Of course, having Michael Pineda on the mound didn't hurt. I would've felt good up 2-0 with Jason Vargas, but being up 2-0 with Pineda in San Diego is just about an invulnerable position. It was funny; Pineda started out like he was almost bored. His first fastball was 91. His next fastball was 91. Through four batters, he didn't break 94, and I even got a concerned text message from Matthew, wondering what was going on. Then Pineda turned it up a level. He threw 96 to Cameron Maybin. 95 to Kyle Phillips. 96 to Alberto Gonzalez. It took a little while for Pineda to get going, but once he got going, the Padres were helpless. Like extra helpless.

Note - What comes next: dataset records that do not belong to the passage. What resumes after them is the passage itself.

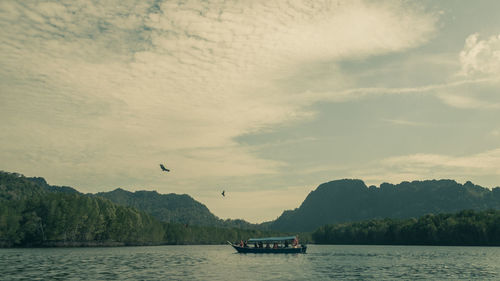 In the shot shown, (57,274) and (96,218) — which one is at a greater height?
(96,218)

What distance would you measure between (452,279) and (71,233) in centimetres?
15814

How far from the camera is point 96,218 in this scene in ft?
629

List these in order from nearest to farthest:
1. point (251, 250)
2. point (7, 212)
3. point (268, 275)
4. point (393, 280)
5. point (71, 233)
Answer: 1. point (393, 280)
2. point (268, 275)
3. point (251, 250)
4. point (7, 212)
5. point (71, 233)

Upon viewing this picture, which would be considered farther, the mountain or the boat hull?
the mountain

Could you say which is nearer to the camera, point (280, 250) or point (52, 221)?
point (280, 250)

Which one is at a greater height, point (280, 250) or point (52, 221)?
point (52, 221)

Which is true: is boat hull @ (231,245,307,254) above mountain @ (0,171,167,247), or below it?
below

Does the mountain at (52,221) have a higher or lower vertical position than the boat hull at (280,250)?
higher

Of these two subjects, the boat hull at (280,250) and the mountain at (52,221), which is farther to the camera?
the mountain at (52,221)

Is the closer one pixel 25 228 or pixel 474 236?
pixel 25 228

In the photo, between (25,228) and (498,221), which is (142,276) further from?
(498,221)

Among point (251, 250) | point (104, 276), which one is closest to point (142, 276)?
point (104, 276)

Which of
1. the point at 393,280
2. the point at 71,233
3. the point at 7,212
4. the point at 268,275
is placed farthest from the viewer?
the point at 71,233

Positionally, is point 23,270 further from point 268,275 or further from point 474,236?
point 474,236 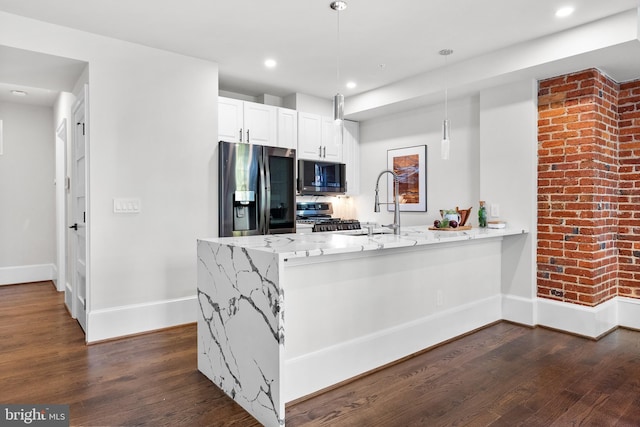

I'm just at such a loss for what I'm supposed to say at this point. Michael Pineda dominated again. Granted, it was the Padres, and it was in Petco Park, but he finished with two hits and a walk in seven innings, with nine guys punched out. Of the 55 swings Padres batters took, 17 of them missed. Once more, Pineda barely threw any changeups (two), but once more, it didn't matter. Not a single batter looked comfortable at the plate, and many looked like little piles of crap.

Here's a review of Pineda's final inning, in the bottom of the seventh:

  • four-pitch swinging strikeout of Brad Hawpe
  • four-pitch swinging strikeout of Cameron Maybin
  • five-pitch called strikeout of Orlando Hudson

Pineda even fell behind the left-handed Hawpe and Hudson before fighting his way back for the strikeouts. He had the batters guessing and missing, and he made Hawpe and Maybin in particular look awful. And this was his last inning. His final pitch was his 99th. There's no doubt in my mind that Pineda could've come back and pitched effectively in the eighth, because he was never under any real stress, but the last thing I'm going to criticize is the Mariners acting cautiously with Pineda's arm, because look what that arm is capable of doing. This is the kind of ability from a 22-year-old you both savor and preserve.

My sole complaint about Pineda's outing tonight is that it took him 13 pitches to strike out the side in the seventh, where it also took David Pauley 13 pitches to strike out the side in the eighth. But then, maybe Michael Pineda is just contagious.

What an absolutely amazing young pitcher he is.

And oh hey good news San Diego, tomorrow you get Felix Hernandez.

Super super super quick bullet holes:

  • Michael Pineda had never batted in a game before in his professional career. Tonight he took six swings and made contact with five of them, putting the ball in play twice. Both balls in play were simple tappers to the mound, but do you know how hard it is to hit a Major League pitch? Have you seen how much trouble Miguel Olivo has hitting Major League pitches?

  • Pineda reached base in his first at bat when Clayton Richard bobbled the comebacker. Richard then tried to pick him off.

  • Both Pineda and Richard flashed some big smiles while they were hitting tonight. Pitchers love hitting. Hitters love pitching. Either it's refreshing to get a break from the routine, or every single player in baseball chose the wrong career path.

  • With brother Jason Phillips watching on from the Mariners bullpen, Padres catcher Kyle Phillips made an ill-advised throwing error in the sixth, allowing a run to score from third. Boos cascaded down from those who were still paying attention. I'd love to know whether Jason Phillips felt bad or laughed his ass off.

  • Major League batting average on groundballs is the lowest it's been in a very very long time, and I wonder if more teams are incorporating shifts.

  • Miguel Olivo has drawn 14 walks in 149 trips to the plate, for a walk rate of 9.4%. His previous career best was 6.3%. His swing rate is down 5% from where it was a year ago. Miguel Olivo is not the hacker that he used to be, which is kind of disappointing, and also very much not.

  • Mike Wilson's first hit was just a slider he fought off and grounded through the hole the other way, but in the fourth he blasted a low-away fastball deep into the right-center gap for a double, and in the sixth he nearly left the yard against Pat Neshek. Tonight, we finally got a glimpse of Mike Wilson's power, and he's got a good amount of it.